Parlando del rapporto tra essenza ed esistenza, dopo aver preso posizione sulla “storicità come costitutivo antropologico”, Carlotti ha quantomeno il merito di non eliminare l’essenza per ridurla senza ritegno ad esistenza, però concede troppo alla nuova teologia morale quando dice: “solo un rapporto essenza-esistenza appreso come storicità può rendere plausibile la rilevanza del decidere morale in ordine alla costituzione dell’identità della persona, che non è appunto data a prescindere dalla sua esistenza e dalle scelte in essa operate” (p. 36). Infatti, continua Carlotti, “se l’esistenza è semplice esplicazione dell’essenza, le scelte operate nell’esistenza hanno conseguentemente scarsa rilevanza” (Idem). Qui, a mio parere, non si tiene conto che il rapporto tra essenza ed esistenza non può non prevedere il primato dell’essenza, dato che ad esistere deve essere qualcosa o qualcuno. Come scriveva Cornelio Fabro, “perché il soggetto possa o non possa, occorre che il soggetto sia già qualcosa e una tal cosa a cui appunto compete il potere o il non potere, cioè quella cosa che è appunto la natura umana”.[2] L’ente così costituito esiste, è posto nell’esistenza come suo aspetto presenziale, ma come essenza incarnata, la precede e la costituisce. Ciò non significa che l’esistenza sia solo una “esplicazione” dell’essenza, come dice il nostro Autore, né che essa non possa produrre delle conseguenze per l’essenza, né San Tommaso e la metafisica cristiana hanno mai sostenuto questo. Il punto è che il piano ontologico è distinto dal piano esistenziale e non ammette nemmeno un equivoco rapporto inteso come “storicità”, che molto concede allo storicismo moderno. Del resto, se si esaminano gli “elementi del costitutivo antropologico” elencati ed illustrati da Carlotti nelle pagine successive, ci si rende conto che essi derivano tutti dall’essenza e non dall’esistenza: la capacità di sé (pp. 37-39), l’unità di anima e corpo (pp. 39-42), l’inter-personalità (pp. 42-46), la trascendenza (pp. 46-49) sono costitutivi essenziali e, solo derivatamente, esistenziali. La finalità, che guida l’esistenza, è nell’essenza.

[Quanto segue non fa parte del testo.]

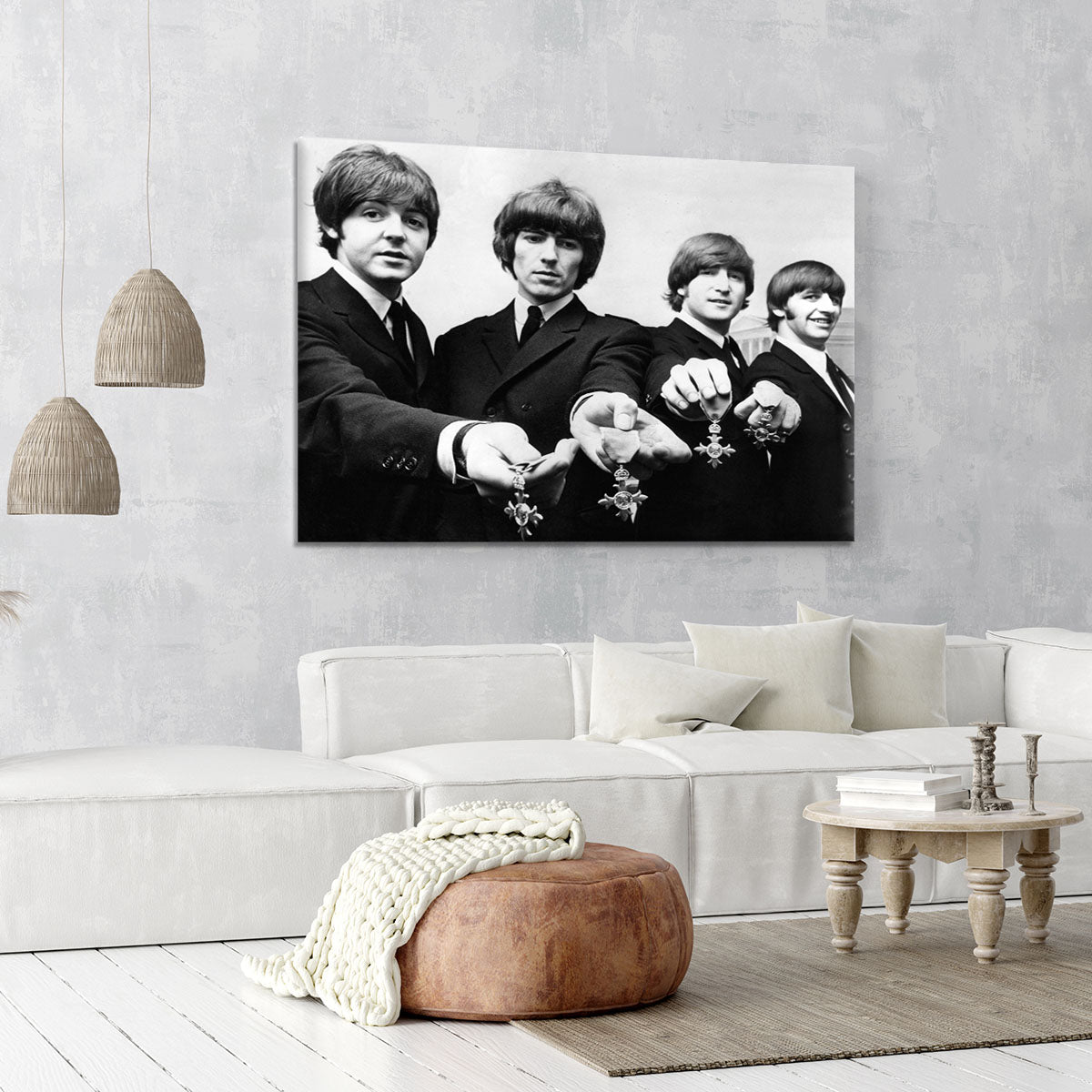 The Beatles with their MBEs Canvas Print or Poster - Canvas Art Rocks - 6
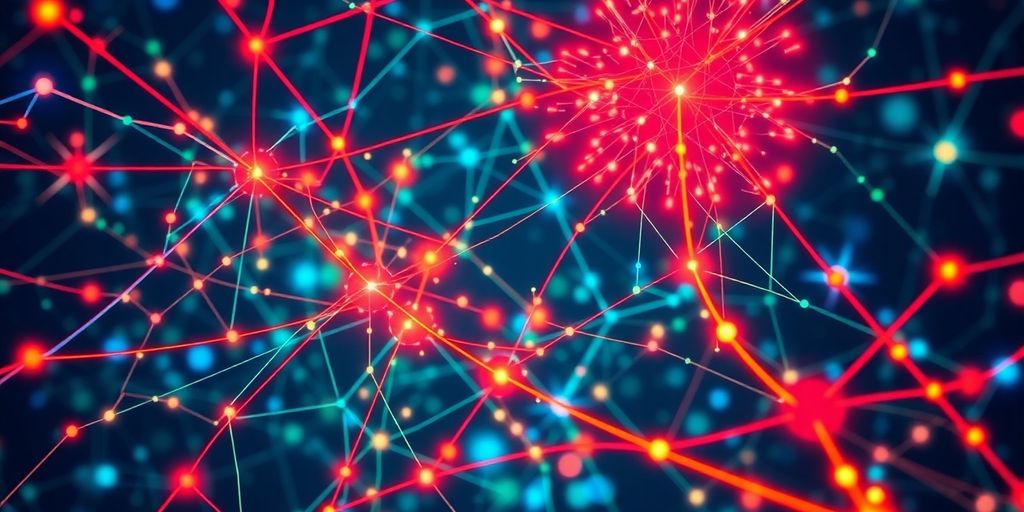 Interconnected nodes. Interconnected nodes and pathways illustrating blockchain data mapping.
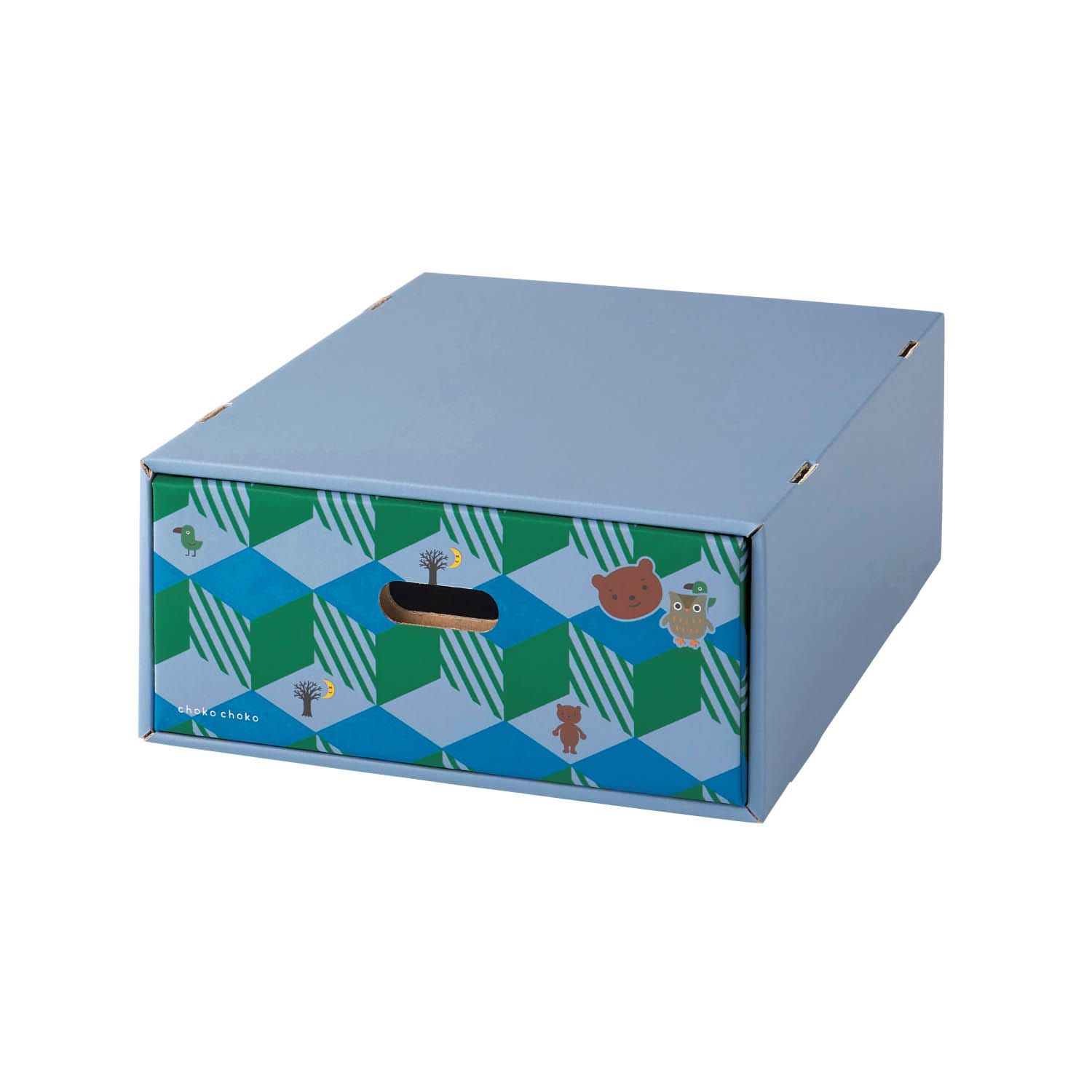 日本千趣會 - 童趣印花可組裝小物收納盒-可愛動物-二格直式 (寬25.5x深34x高24cm)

I riferimenti impliciti alla morale tradizionale sono molti nel libro, anche se indicati con nomi diversi. Così, a pagina 79 di fatto Carlotti parla della Sinderesi, ma non la chiama così bensì “coscienza fondamentale e permanente”, distinguendola da una “coscienza attuale o situazionale”, ove però l’aggettivo “situazionale” rinvia a pericolose sfumature della teologia morale contemporanea.[3] Nel complesso, però, essi si annebbiano, pur senza estinguersi, perché il nuovo paradigma finisce per deformarli.
Stefano Fontana
Vedi i precedenti interventi della stessa serie
La rivoluzione in corso della Teologia morale cattolica -1
La rivoluzione in corso della Teologia morale cattolica -2
[1] S. Th., I, q. 79, a. 11, ad primum; J. Pieper, La realtà e il bene, 1949, Morcelliana, Brescia 2011, p. 62.
[2] C. Fabro, Tra Kierkegaard e Marx, Vallecch, Firenze 1952, p. 236.
[3] Cfr. A. Poppi, La Situationethik e i nuovi problemi della coscienza cristiana, in Id., Etiche del Novecento. Questioni di fondazione e di metodo, Edizioni Scientifiche Italiane, Napoli 1993, pp. 65-93.